Thanksgiving is deeply rooted in tradition. Families gather to share a meal, fellowship and to give thanks to God for their blessings.

On the holiday, we reflect on the moments in which Jesus has been present to us in the past year. And more importantly, how do we share those moments of faith with others?

We shouldn’t pass up the opportunity to talk to our family and friends about what our faith means to us. This issue of the St. Louis Review includes advice from Archbishop Robert J. Carlson and others on how to talk with family and friends about our faith at the holiday table. Prayer was a key component in suggestions they shared.

When we pray, we deepen our relationship with Christ, and help others to more fully understand His love for us. Prayers of thanksgiving also help to reveal the fullness of the Church. The Catechism of the Catholic Church says this about the importance of giving thanks through prayer:

“As in the prayer of petition, every event and need can become an offering of thanksgiving. The letters of St.

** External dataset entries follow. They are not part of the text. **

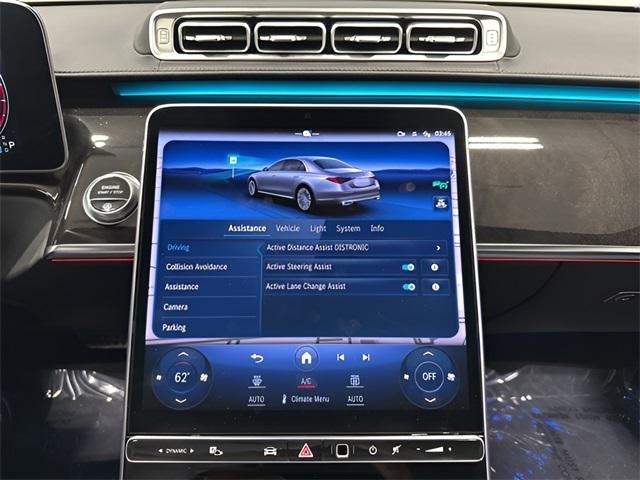 used 2023 Mercedes-Benz S-Class car, priced at $91,881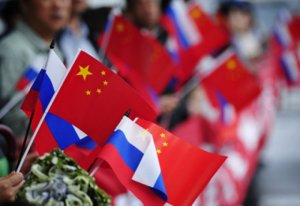 Россия и Китай не должны делать никаких предупреждений. Они должны просто действовать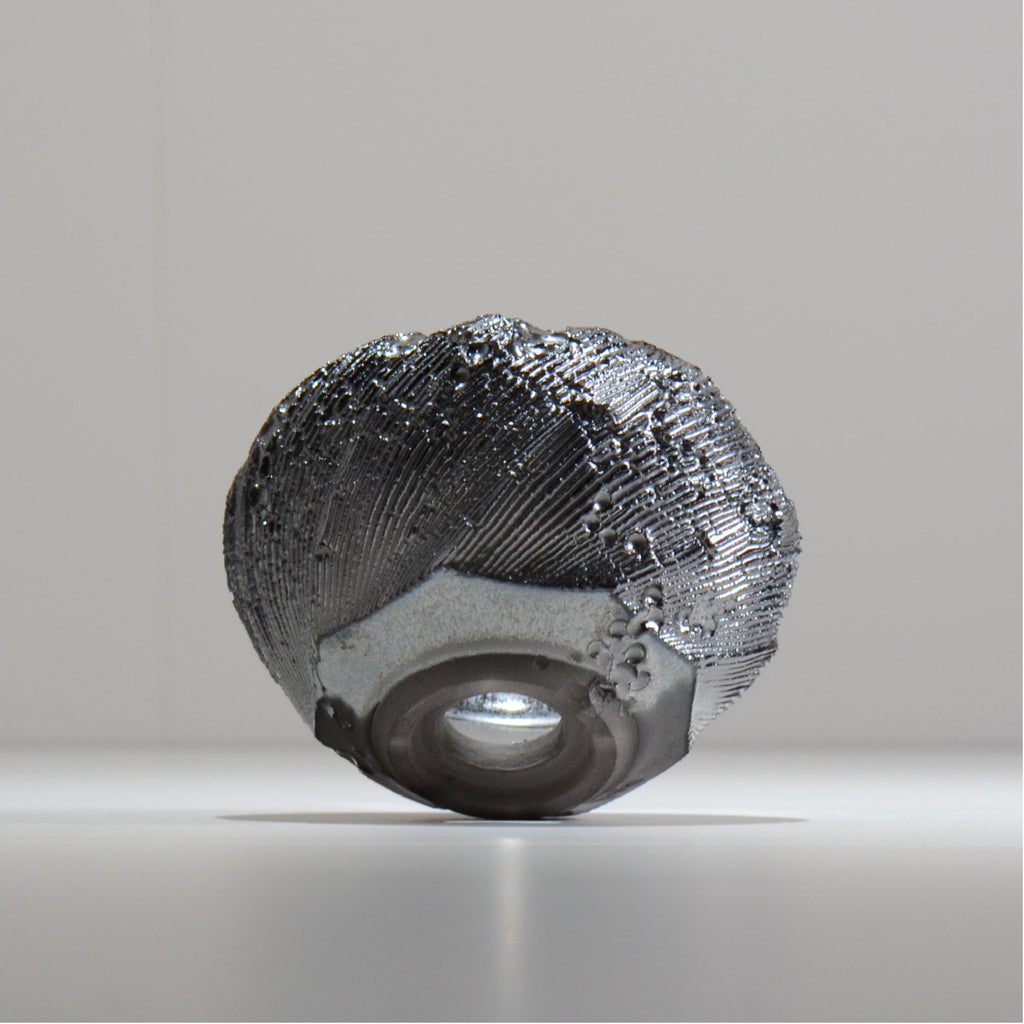 GLOWERS / 螺煌 / RAKOH / rakoh02_cut8_s / 約φ9.6cm / 植木鉢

Paul often begin and end with thanksgiving, and the Lord Jesus is always present in it: ‘Give thanks in all circumstances; for this is the will of God in Christ Jesus for you’; ‘Continue steadfastly in prayer, being watchful in it with thanksgiving’” (Catechism of the Catholic Church, #2638).

The celebration of the Eucharist, too, is an act of thanksgiving. Archbishop Carlson recommended attending Mass the day before or on Thanksgiving as an act of gratitude. In fact, the Greek form of the word “Eucharist” is translated as “thanksgiving” in English. The Catechism notes that “the inexhaustible richness of this sacrament is expressed in the different names we give it. Each name evokes certain aspects of it. It is called: Eucharist, because it is an action of thanksgiving to God. The Greek words eucharistein and eulogein recall the Jewish blessings that proclaim — especially during a meal — God’s works: creation, redemption, and sanctification” (Catechism of the Catholic Church, #1328).

So when we meet to give thanks this holiday, let us not be afraid to share our faith with others. We have nothing to lose and everything to gain in leading others to a relationship with Jesus.